----- Supplied data
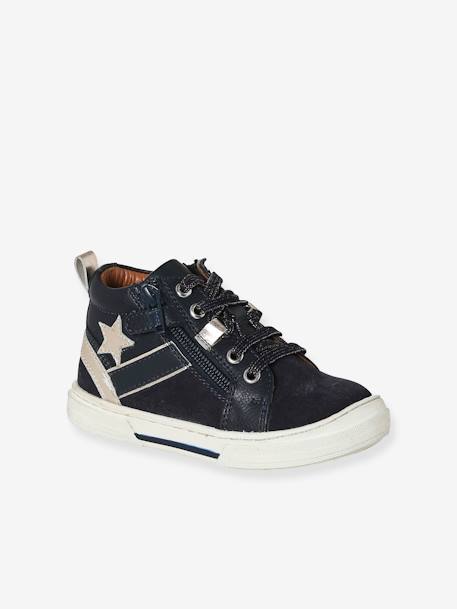 High-Top Trainers with Laces & Zips navy blue - vertbaudet enfant 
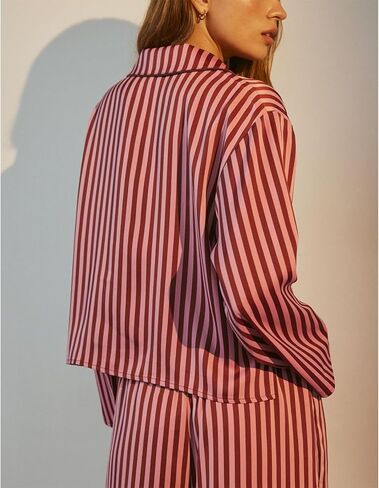 HOXIJIA Women Y2K Floral Printed 2 Pieces Pajamas Sets Long Sleeve Tie Front Shirt and Wide Leg Pants 2PCS Lounge Outfits in Kuwait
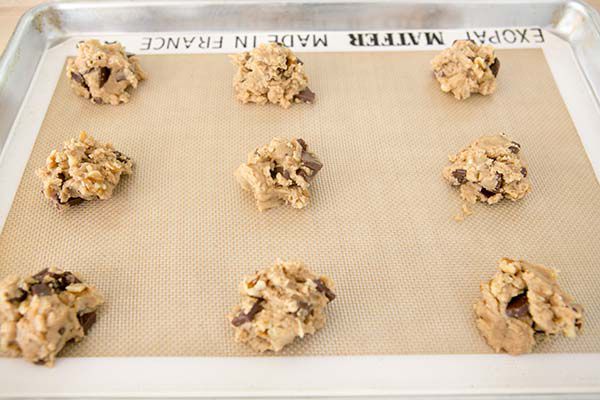 chocolate chunk cookies on baking sheet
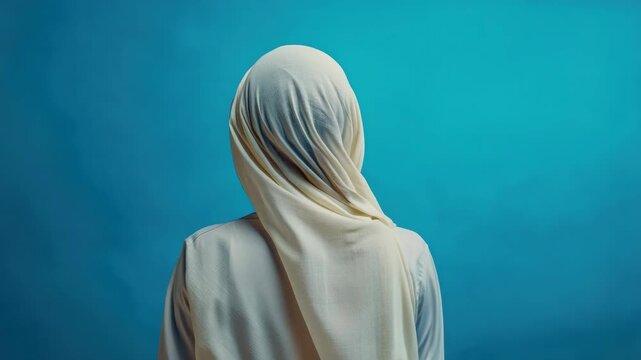 Female figure wearing hijab looking away from camera. Islamic symbol of modesty and faith.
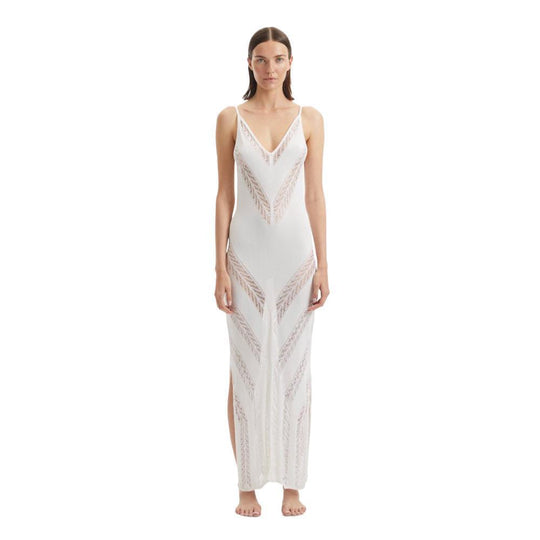 Damen elegantes Strandkleid mit raffinierten Häkelpartien EB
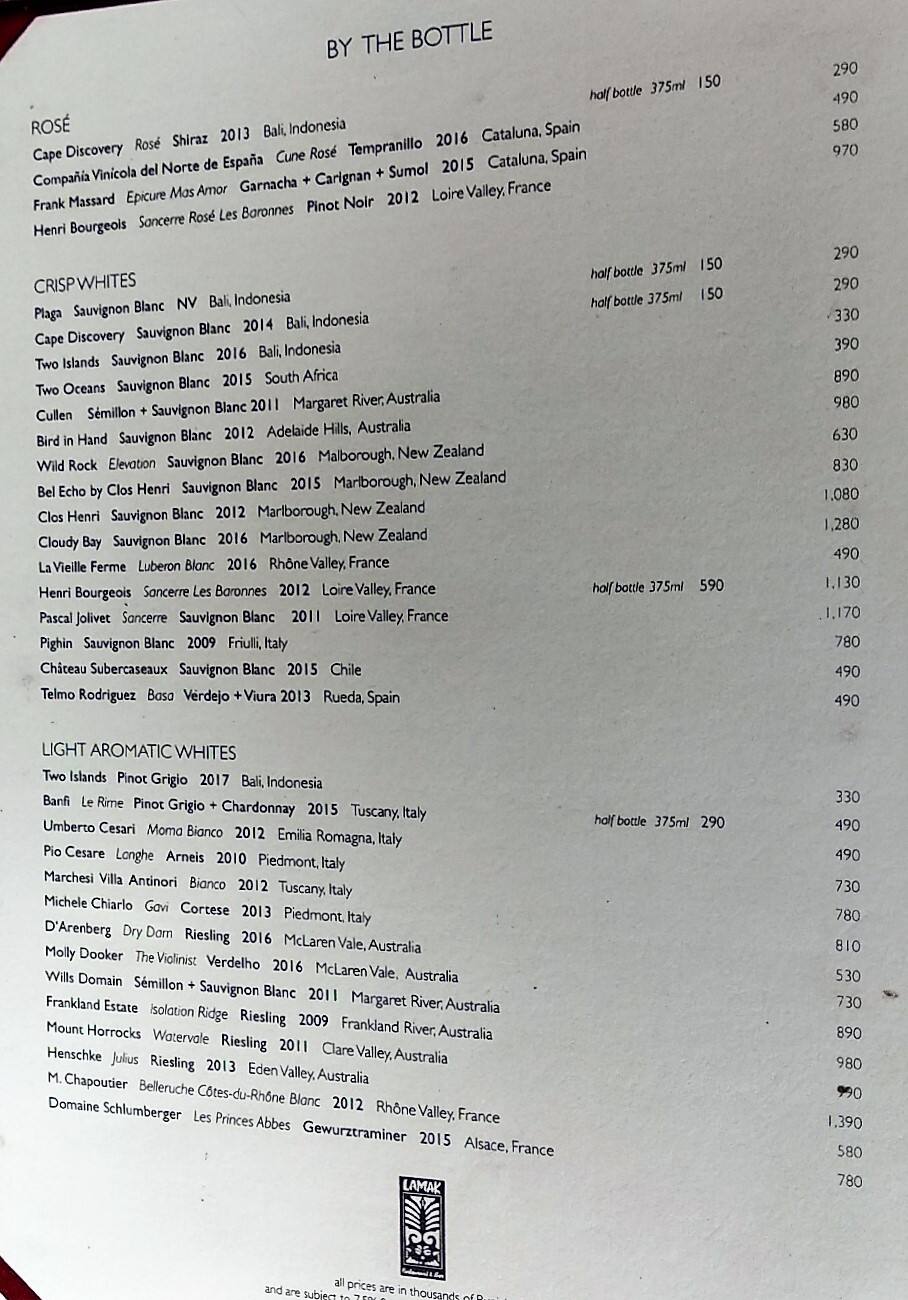 Carta de Lamak Restaurant & Bar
----------
**Aim of the task**: Only one thing is required: an exact printout of the lines from the line containing "Female figure wearing" through the last line of the records, pictures excluded.

**Reply**:
 Female figure wearing hijab looking away from camera. Islamic symbol of modesty and faith.
 Damen elegantes Strandkleid mit raffinierten Häkelpartien EB
 Carta de Lamak Restaurant & Bar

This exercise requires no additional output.